Port of Dover chief executive Doug Bannister told the PA news agency that a prolonged period of disruption would be a “stark situation”.
“Because of the importance of the Dover straits in handling critical goods such as food and other things like that I think it could become quite dramatic,” he warned.
Mr Johnson faced demands to recall Parliament to address the crisis, which follows the introduction of a new Tier 4 level of lockdown on London and large parts of south-east England.

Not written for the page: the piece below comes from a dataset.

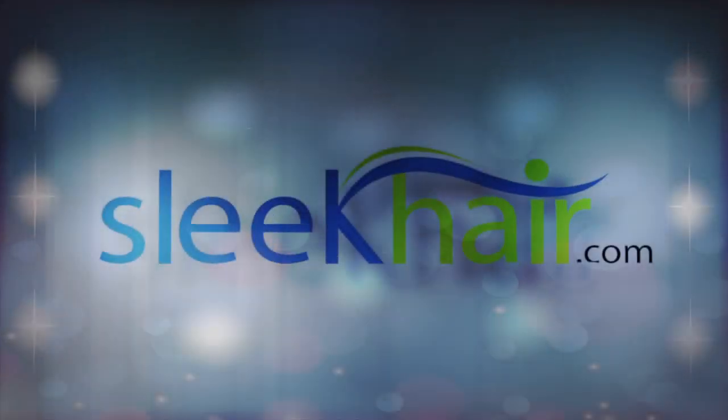I really hope you guys liked Denise's look today. Please check out the products and try them out for yourself and let us know what you think. You can find us on Facebook and on YouTube. Also, visit us at SleekHair.com for more information about all the products that you saw here today. Thanks so much — I'm Sarah and we'll see you next time!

Concerns about the spread of the new variant also led to the dramatic scaling back of Christmas plans, with mixing banned in Tier 4 and the three-household provision being allowed for just Christmas Day itself in the rest of England.
Mr Johnson will lead a Downing Street press conference on Monday to set out the latest developments.
– Cases of the new variant have been reported in Iceland, Denmark, the Netherlands, Gibraltar and Australia.
– Official figures indicated Wales has had more than 600 cases of the new coronavirus but this is “almost certainly a significant underestimation”, First Minister Mark Drakeford said.
– Experts warned that social distancing measures would have to remain in place until around 50% of the population had been vaccinated, a process which could take months.
– Analysis by PA found that, of the 127 acute hospital trusts with a 24-hour (type 1) A&E department in England, 42 (33%) had more Covid-19 patients on December 18 than at the peak of the first wave in the spring.
The U-turn over Christmas plans and the imposition of the Tier 4 lockdown on almost a third of England’s population has led to pressure on the Prime Minister from his own benches.
Conservative former minister Sir Desmond Swayne questioned the timing of the Government’s announcements.
“They’ve been looking at it since September, and how convenient when Parliament went into recess on Thursday, suddenly they were then able to produce this revelation,” he told the Today programme.
“Let’s see the evidence then, let’s have Parliament back and show us and convince us – come clean.”
Among the authorities imposing travel restrictions on passengers from the UK are: France, Ireland, the Netherlands, Belgium, Italy, Austria, Bulgaria, the Czech Republic, Slovakia, Denmark, El Salvador, Turkey, Canada and Hong Kong.
They reacted after Mr Johnson announced that the new variant was up to 70% more transmissible than the original strain, while Health Secretary Matt Hancock admitted it was “out of control” and the Tier 4 lockdown may have to remain in place for months.
Stephen Evans, professor of pharmacoepidemiology at the London School of Hygiene and Tropical Medicine, said vaccination alone will not be enough to bring the virus circulating in the community to “very low levels” so restrictions “are going to need to be carried on”.